Car insurance in France

What type of insurance do you need for your car?

As in most countries, car insurance is essential in France and driving without it is a serious offence. All imported motor vehicles plus trailers and semi-trailers must have insurance and if you’re found driving without it, you could receive a fine of up to €3,750 and a 3 month license suspension.

How French car insurance works

You will initially be given a provisional insurance contract (police d’assurance provisoire) by your insurer or broker and receive a definitive contract (police définitive) a few weeks later.

A green tear-off tab comes with the contract, which you must display in the windscreen of your vehicle as confirmation of insurance. If it is not displayed in the windscreen, even if it has fallen off and is in the car, you could be issued a fine of around €150.

Types of insurance available

  • Third Party (au tiers) - the minimum required by law in France and includes unlimited medical costs and damage to third-party property.
  • Third Party, Fire & Theft (TPF&T) (au tiers illimité) - includes cover against fire, natural hazards, theft and legal expenses
  • Comprehensive (tous risques) - covers all the risks listed under TPF&T and includes damage to your vehicle however it was caused and whether a third party can be identified or not. (You should note however that illegally parked cars automatically lose their comprehensive cover)

Choosing the right car insurance  

There are a number of car insurance companies available and it’s important to choose the one that is best for you. Be sure to receive a quote from a few different providers before making your decision and keep in mind that the cheapest premiums are not necessarily the best. Always read the small print, as often when companies have ‘special offers’ available, the policy is cancelled when you make a claim.
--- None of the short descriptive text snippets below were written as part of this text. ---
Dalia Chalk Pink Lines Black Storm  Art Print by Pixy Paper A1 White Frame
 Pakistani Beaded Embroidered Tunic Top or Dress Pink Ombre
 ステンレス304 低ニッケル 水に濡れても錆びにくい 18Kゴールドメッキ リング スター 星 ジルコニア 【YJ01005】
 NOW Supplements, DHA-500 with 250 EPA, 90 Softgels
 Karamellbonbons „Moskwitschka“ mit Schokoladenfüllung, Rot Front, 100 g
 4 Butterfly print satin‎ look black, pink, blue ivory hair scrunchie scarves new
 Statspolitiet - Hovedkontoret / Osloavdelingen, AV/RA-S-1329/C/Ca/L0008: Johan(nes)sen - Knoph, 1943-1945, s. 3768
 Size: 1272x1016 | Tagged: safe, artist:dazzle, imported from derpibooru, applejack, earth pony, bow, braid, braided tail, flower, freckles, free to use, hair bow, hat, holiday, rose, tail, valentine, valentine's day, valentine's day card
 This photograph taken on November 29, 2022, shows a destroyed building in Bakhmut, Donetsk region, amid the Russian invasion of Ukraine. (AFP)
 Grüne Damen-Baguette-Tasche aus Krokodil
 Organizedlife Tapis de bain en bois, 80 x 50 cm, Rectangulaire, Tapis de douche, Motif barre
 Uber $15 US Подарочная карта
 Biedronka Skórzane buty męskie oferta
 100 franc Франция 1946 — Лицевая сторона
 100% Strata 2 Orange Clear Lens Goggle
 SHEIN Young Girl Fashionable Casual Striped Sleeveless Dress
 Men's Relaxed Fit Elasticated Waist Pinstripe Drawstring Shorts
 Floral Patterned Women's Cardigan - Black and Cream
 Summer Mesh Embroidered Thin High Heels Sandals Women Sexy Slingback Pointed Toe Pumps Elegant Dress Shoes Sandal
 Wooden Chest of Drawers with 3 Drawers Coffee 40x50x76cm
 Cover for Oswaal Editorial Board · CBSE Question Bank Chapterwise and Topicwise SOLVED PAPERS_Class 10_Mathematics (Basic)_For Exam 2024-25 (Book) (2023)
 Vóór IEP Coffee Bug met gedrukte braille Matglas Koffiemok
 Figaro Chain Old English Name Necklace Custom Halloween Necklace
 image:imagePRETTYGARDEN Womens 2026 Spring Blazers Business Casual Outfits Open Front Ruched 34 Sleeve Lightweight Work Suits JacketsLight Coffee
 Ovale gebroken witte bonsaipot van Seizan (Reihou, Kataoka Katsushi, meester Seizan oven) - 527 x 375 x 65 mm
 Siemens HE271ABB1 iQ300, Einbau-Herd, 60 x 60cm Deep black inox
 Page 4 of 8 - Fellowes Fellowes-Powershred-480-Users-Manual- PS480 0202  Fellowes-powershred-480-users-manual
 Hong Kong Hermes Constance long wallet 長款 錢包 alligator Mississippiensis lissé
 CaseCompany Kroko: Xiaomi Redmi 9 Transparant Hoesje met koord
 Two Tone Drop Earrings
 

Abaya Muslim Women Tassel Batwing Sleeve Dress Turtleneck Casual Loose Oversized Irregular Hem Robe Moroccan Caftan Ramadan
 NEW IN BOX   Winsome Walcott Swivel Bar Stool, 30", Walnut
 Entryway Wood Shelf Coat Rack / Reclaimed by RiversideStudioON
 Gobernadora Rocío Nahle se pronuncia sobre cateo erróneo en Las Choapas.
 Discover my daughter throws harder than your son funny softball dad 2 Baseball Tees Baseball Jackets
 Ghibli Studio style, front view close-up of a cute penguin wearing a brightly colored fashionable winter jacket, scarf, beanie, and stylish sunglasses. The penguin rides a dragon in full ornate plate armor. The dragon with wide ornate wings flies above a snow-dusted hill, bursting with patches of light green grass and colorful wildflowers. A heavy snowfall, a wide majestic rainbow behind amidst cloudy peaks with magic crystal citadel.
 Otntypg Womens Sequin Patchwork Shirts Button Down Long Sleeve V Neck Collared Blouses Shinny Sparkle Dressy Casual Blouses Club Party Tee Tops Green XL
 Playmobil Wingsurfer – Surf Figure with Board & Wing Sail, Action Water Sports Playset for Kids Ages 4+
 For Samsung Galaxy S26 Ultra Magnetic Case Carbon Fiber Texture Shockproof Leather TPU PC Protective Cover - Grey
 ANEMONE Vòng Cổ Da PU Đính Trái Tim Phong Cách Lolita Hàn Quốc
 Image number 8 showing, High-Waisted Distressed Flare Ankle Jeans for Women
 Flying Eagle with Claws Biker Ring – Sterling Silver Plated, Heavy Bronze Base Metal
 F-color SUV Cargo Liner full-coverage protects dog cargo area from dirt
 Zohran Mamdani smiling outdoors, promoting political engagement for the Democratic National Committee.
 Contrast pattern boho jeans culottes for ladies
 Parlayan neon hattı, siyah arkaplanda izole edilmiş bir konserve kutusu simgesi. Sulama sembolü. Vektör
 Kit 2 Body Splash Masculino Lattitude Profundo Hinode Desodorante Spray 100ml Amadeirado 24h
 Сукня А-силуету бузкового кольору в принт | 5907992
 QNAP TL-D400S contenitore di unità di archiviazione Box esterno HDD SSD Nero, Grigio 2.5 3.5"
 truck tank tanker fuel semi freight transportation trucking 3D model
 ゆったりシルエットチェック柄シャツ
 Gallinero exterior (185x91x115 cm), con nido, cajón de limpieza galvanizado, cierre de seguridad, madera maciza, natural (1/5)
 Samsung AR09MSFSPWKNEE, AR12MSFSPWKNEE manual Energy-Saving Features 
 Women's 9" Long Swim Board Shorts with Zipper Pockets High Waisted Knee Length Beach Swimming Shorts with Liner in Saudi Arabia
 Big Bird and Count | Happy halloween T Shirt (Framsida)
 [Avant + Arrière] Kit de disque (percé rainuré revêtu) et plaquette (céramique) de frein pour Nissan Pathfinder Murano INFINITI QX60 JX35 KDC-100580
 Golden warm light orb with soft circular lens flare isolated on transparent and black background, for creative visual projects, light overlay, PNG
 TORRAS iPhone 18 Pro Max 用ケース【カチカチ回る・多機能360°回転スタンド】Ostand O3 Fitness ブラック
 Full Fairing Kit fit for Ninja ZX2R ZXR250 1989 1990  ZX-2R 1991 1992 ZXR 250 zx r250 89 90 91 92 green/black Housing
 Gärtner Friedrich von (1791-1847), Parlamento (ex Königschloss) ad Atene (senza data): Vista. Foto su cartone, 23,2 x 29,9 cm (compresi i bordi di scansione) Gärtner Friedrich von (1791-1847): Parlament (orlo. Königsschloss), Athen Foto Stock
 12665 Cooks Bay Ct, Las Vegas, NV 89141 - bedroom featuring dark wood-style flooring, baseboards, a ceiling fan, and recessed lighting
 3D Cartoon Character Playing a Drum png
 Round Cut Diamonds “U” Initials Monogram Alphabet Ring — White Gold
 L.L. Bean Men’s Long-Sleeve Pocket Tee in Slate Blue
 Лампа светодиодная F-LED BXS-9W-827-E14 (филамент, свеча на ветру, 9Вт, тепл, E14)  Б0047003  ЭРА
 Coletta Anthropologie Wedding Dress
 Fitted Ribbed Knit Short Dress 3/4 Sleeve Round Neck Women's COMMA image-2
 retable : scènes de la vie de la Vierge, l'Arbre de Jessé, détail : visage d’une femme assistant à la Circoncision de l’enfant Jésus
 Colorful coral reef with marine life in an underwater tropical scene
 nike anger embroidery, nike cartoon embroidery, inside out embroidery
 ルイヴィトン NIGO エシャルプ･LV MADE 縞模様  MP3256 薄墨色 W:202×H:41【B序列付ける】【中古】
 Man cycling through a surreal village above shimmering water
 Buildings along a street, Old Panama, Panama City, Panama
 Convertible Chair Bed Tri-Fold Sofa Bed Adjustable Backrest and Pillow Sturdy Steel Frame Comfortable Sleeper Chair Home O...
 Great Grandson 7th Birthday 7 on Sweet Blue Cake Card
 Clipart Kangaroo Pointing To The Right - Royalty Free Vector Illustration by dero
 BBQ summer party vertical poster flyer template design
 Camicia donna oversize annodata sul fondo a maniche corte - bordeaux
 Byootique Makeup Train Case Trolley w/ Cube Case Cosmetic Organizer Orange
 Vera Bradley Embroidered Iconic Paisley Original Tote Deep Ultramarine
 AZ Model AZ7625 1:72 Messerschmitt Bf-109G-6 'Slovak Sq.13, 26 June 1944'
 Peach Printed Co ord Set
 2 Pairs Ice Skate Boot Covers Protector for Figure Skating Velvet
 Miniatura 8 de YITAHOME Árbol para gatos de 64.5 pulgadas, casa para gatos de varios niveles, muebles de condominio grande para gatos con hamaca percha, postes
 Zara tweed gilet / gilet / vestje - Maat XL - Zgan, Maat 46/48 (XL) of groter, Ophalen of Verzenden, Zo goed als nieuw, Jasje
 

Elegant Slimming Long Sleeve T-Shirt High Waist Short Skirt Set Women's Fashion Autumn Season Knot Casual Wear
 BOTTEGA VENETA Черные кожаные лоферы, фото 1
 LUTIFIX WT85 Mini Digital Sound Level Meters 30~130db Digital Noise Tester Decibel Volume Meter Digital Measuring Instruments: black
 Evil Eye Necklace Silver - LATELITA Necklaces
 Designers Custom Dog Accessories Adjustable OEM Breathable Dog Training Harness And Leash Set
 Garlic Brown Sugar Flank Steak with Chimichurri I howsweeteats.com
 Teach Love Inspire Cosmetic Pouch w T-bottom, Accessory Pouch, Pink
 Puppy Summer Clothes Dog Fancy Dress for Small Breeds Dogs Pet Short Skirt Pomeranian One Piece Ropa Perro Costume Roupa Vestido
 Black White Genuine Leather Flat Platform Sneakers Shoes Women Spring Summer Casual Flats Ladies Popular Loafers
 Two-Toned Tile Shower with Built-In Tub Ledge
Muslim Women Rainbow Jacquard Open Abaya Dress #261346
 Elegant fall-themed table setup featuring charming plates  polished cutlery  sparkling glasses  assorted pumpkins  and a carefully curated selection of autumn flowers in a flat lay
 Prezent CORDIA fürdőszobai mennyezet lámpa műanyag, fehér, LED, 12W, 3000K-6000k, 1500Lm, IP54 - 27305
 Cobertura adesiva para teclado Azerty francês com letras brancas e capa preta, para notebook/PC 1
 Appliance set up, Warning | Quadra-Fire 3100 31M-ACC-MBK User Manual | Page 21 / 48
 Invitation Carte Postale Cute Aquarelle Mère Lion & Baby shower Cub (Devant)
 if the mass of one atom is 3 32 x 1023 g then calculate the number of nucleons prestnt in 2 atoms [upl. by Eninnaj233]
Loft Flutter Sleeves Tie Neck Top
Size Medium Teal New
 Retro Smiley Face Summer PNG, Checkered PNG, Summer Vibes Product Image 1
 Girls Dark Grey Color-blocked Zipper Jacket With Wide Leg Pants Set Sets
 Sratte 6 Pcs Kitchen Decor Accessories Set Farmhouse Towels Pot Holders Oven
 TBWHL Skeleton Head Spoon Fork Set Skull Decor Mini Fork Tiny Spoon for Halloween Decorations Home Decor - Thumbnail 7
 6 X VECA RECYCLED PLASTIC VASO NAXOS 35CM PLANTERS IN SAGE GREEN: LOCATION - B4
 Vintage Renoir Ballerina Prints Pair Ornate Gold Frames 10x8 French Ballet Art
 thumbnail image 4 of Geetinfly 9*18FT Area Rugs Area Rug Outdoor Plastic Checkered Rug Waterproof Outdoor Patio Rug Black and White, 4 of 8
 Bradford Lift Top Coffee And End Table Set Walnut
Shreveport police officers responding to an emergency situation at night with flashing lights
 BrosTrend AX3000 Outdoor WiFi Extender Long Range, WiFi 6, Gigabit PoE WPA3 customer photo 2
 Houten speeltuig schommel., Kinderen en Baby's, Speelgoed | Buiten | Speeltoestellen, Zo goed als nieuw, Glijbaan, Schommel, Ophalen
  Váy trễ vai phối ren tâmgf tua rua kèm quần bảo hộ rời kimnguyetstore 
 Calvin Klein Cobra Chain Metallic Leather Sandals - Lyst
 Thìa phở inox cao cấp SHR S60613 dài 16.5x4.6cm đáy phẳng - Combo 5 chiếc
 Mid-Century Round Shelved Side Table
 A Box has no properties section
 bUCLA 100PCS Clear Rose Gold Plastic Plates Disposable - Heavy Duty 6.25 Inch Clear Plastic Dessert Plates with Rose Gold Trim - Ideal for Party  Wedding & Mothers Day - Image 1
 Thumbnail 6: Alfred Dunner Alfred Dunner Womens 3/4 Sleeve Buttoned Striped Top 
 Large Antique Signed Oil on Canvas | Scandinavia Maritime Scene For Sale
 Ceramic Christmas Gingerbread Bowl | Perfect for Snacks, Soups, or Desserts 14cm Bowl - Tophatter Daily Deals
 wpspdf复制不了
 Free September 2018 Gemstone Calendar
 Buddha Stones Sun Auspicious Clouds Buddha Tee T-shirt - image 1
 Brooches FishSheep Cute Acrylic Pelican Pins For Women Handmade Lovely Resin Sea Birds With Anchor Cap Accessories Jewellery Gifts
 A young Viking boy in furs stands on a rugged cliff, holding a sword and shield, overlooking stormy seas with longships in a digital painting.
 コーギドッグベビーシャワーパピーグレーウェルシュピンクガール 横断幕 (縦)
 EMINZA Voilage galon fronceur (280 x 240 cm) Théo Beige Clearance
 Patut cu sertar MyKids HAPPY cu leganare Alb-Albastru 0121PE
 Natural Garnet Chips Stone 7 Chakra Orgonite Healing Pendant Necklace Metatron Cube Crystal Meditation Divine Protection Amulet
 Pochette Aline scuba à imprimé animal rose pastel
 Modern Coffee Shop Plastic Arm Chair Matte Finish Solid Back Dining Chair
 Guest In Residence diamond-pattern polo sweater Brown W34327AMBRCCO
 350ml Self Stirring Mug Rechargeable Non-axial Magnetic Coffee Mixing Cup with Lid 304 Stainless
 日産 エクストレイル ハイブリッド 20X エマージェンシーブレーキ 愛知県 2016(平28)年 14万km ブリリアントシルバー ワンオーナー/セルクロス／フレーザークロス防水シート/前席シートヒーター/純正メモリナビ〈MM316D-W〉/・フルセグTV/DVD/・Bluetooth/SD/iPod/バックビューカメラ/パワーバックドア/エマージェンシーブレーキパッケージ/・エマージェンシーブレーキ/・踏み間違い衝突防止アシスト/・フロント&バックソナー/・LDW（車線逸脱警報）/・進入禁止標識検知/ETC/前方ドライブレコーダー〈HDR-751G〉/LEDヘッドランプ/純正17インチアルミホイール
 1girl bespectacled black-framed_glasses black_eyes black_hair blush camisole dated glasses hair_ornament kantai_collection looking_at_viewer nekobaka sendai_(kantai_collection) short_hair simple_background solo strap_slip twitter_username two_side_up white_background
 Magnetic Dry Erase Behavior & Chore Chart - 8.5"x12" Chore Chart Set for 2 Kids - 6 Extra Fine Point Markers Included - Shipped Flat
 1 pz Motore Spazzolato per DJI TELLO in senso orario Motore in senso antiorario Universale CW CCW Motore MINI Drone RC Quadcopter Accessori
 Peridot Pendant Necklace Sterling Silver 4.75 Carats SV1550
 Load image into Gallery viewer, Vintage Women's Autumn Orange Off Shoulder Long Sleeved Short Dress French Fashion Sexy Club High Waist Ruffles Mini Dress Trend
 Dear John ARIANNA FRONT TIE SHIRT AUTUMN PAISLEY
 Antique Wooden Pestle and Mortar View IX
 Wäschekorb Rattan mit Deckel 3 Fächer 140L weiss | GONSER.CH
A number of factors are considered before the company decides how much your insurance will cost, which is why it is usually best to buy insurance that's catered towards your circumstances. Deciding on car insurance in a new country can seem like a daunting task but there are many policies specific to expats which focus on providing the support you’ll need. Language barriers can sometimes be a problem when trying to communicate your needs as a policyholder so look out for companies that have English speaking advisors. For instance, Clements Worldwide  provide car insurance for expats in English, with policies designed to take care of the details for you if ever you should need to make a claim. It’s always worth checking if the company you choose accepts the currency you’ll be paying in (if you are not paying in Euros) as not everyone does.

Making a Claim

Claims are decided on the information provided in accident report forms (constat amiable d’accident de voiture/constat européen d’accident) completed by drivers, as well as in reports by insurance company experts and police reports. You must notify your insurance company of a claim resulting from an accident within a limited period, e.g. two to five days. After reporting your car stolen, 30 days must elapse before an insurance company will consider a claim. You may then be able to leave the car with the repairer or you may have to return it another day for the repair to be carried out. For minor repairs however, an inspection may be unnecessary.